Jani Pietsch

"Ich hatte von Jani schon viel gehört, noch bevor ich sie kennenlernte. Offensichtlich hatte Marie, die beste Freundin meiner Frau, wiederum eine Freundin von der dauernd die Rede war: Jani. Das Jani Maries Mutter war und so präsent in Erzählungen und ihrem Leben, das fand ich schon außergewöhnlich!

Kennengelernt habe ich sie dann vor 12 Jahren, sie hatte gerade hier in Kufstein die Diss meiner Frau Anna Korrektur gelesen (Ah – eine Lektorin!) und zwar nachdem Anna Janis zweites Buch „Ich besaß einen Garten in Schöneiche bei Berlin“ Korrektur gelesen hatte (ach so – eine Autorin!) und Marie besuchte mit ihr eine Vorstellung im Theater am Kudamm.  Sie kamen direkt aus Janis neu erworbenem Atelier in der Merseburger Straße (Also eine Künstlerin?!).

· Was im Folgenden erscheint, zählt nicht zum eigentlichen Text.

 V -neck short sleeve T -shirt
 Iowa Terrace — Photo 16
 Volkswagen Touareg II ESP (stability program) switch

Als wir nach der Vorstellung „auf ein Getränk“ zusammen im Dressler saßen und sie erzählte, sie habe die Originalfassung bereits in London gesehen (jetzt hab ich´s: eine Theaterkritikerin!!) fiel mir zuerst ihre große Herzlichkeit auf, bei der man sofort wußte, sie meint es wirklich so.  („Ich habe sooo gelacht!“ - schade,  doch keine Kritikerin!).

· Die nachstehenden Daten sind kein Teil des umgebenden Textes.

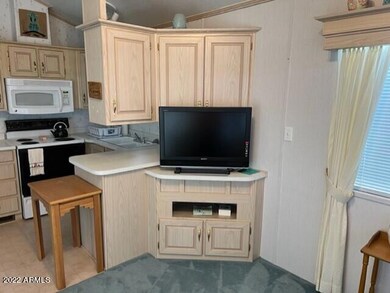 Corner TV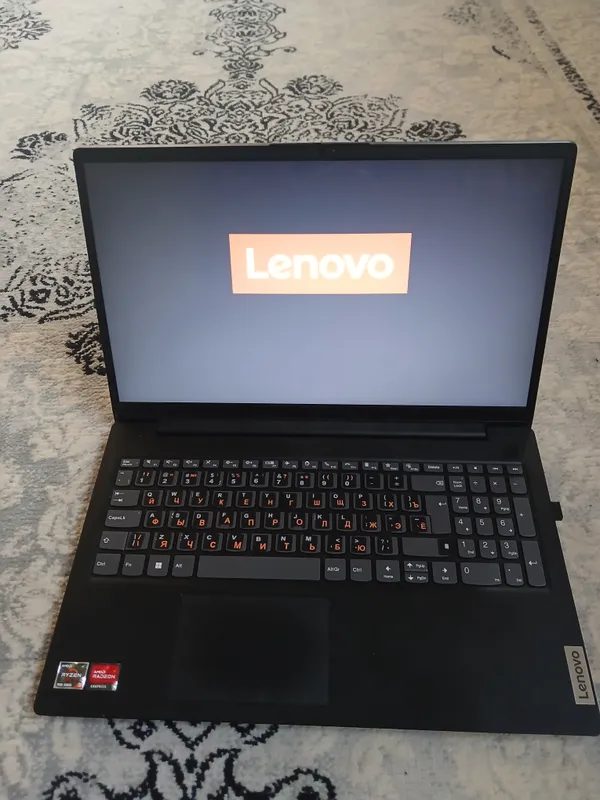LENOVO Noutbook sotiladi. Holati: Yangi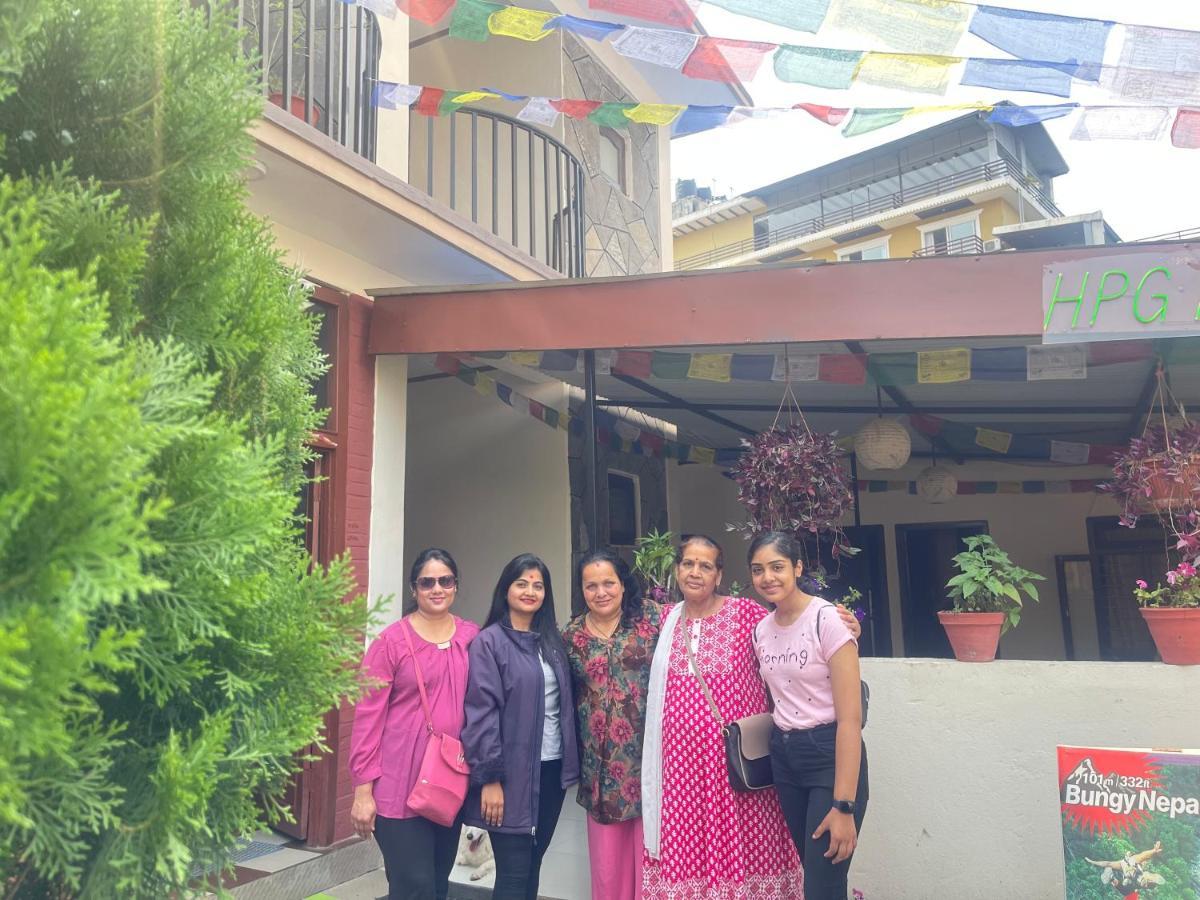 Hotel Peace Ganga Inn Pokhara Extérieur photo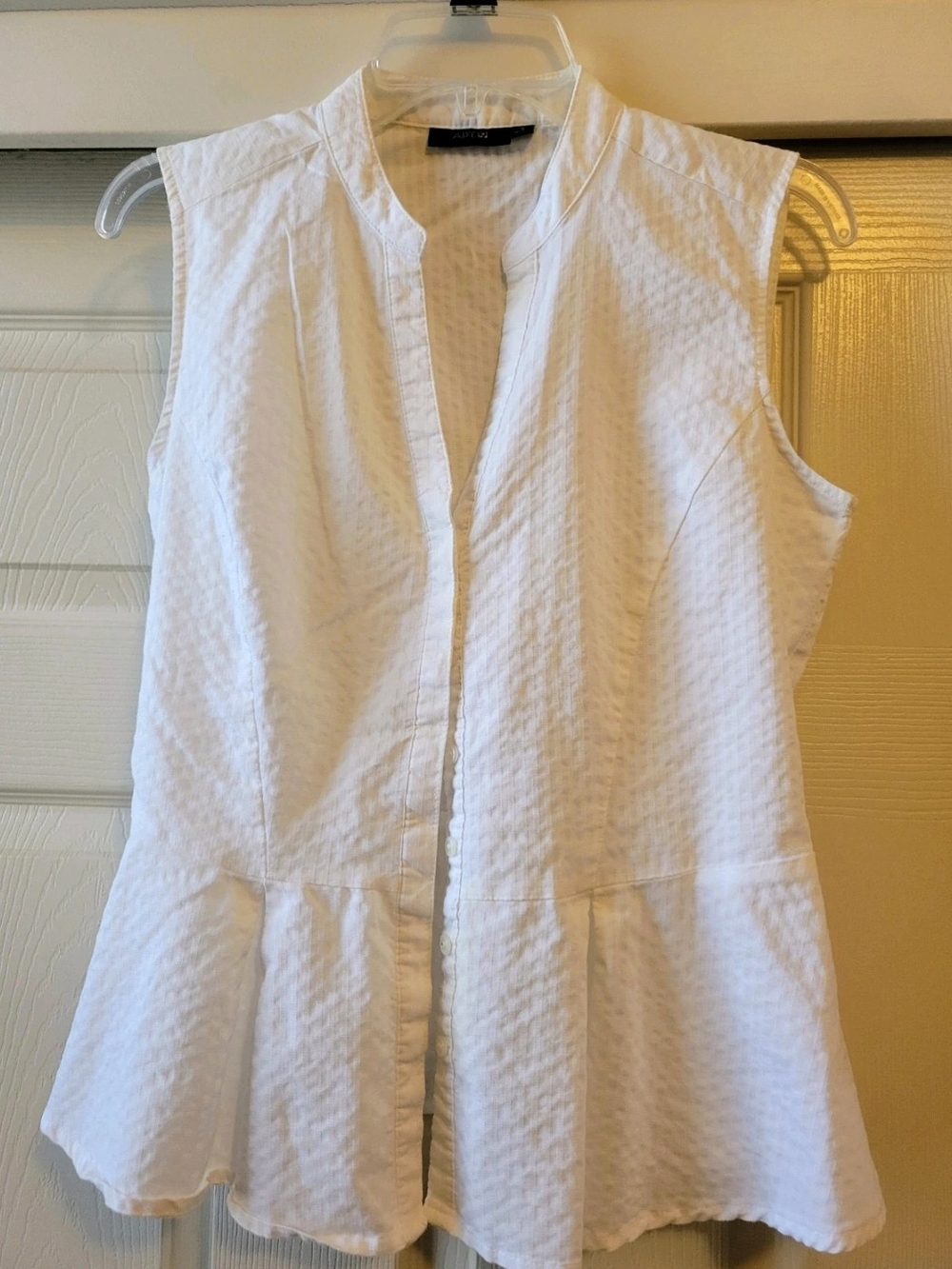 Apt. 9 White Sleeveless Peplum Button-Front Top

Vor zwei Jahren, also 2018, habe ich mich dann an Janis und Maries Projekt DMAO beteiligt und im Kudamm-Theater an zwei berühmte Theater-Leute erinnert, die vor den Nazis fliehen mussten, Max Reinhard und Oskar Kaufmann. Beide wurden von den Nationalsozialisten in ihrer künstlerischen Existenz vernichtet. 

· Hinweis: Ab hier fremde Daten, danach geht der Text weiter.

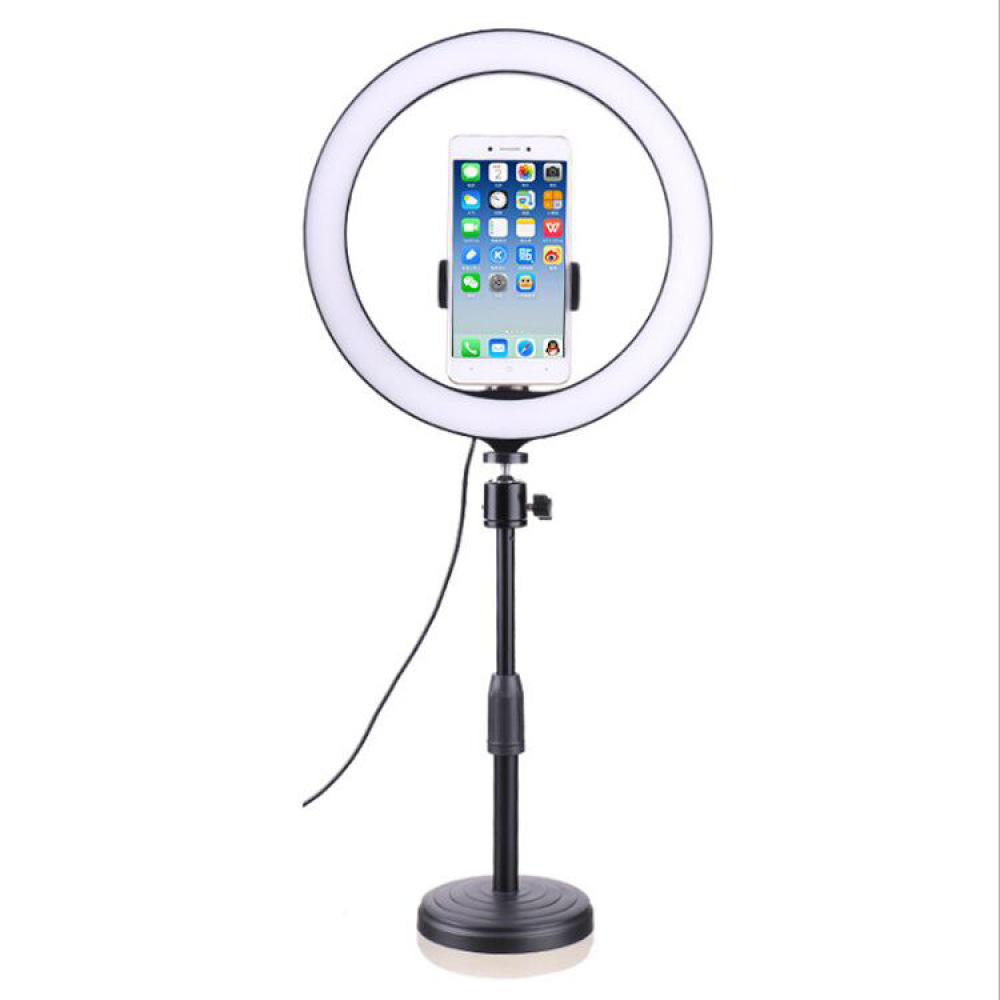 Ein Ringlicht mit einem Smartphone in der Mitte. Das Telefon wird von einem Telefonhalter gehalten. Es steht auf einem Ständer mit schwarzem Sockel.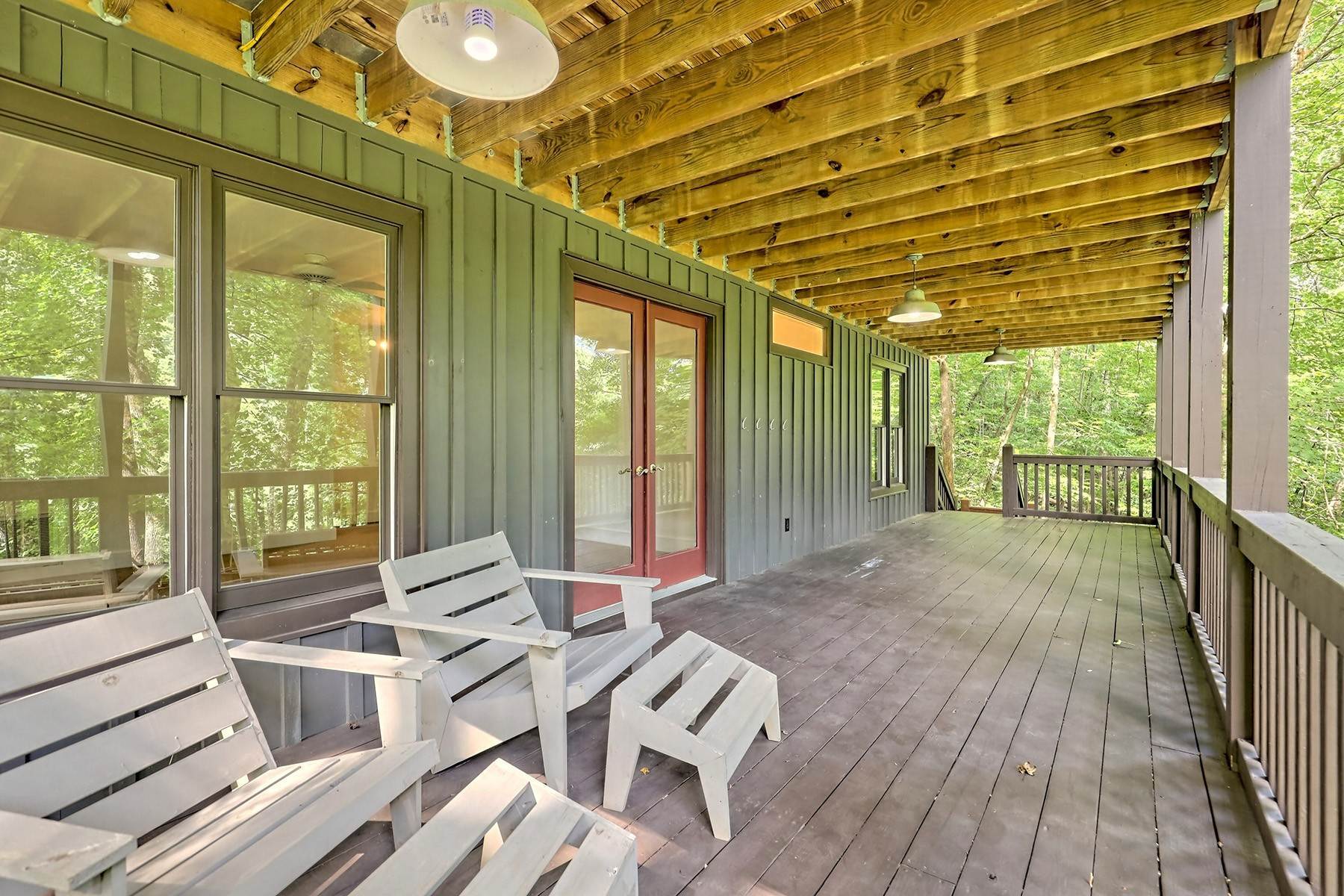 36. Single Family Homes for Sale at Charming North Georgia Mountain Cabin 90 Creekview Trail Clayton, Georgia 30525 United States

Für mich veränderte sich dieser Ort durch das Gedenken, die Erinnerung an die Personen, die im Theater gewirkt hatten. Was für eine großartige und schlüssige Idee! Orte und Gedenken zu verknüpfen, Geschichte lebendig und erlebbar zu machen, Menschen zusammen zu bringen. Denn das tat Jani:

 Marie schrieb letzte Woche folgendes auf: 

Sie sucht so lange bis sie etwas findet. Jani nimmt Kontakt auf. Sie schreibt so ehrliche, herzliche Briefe an unbekannte Menschen, dass sie tatsächlich unserer Einladung folgen und nach Berlin in die frühere Wohnung kommen. Der Schwiegersohn von Ludwig Katzenellenbogen, damals 92 Jahre, sagt zu uns „Ihr seid Menschen, die unsere Welt schöner machen.“

Sie lud die Nachkommen ein nach Berlin, sie kommen aus den USA, Südamerika aus Holland aus der ganzen Welt und lernen sich in Berlin kennen.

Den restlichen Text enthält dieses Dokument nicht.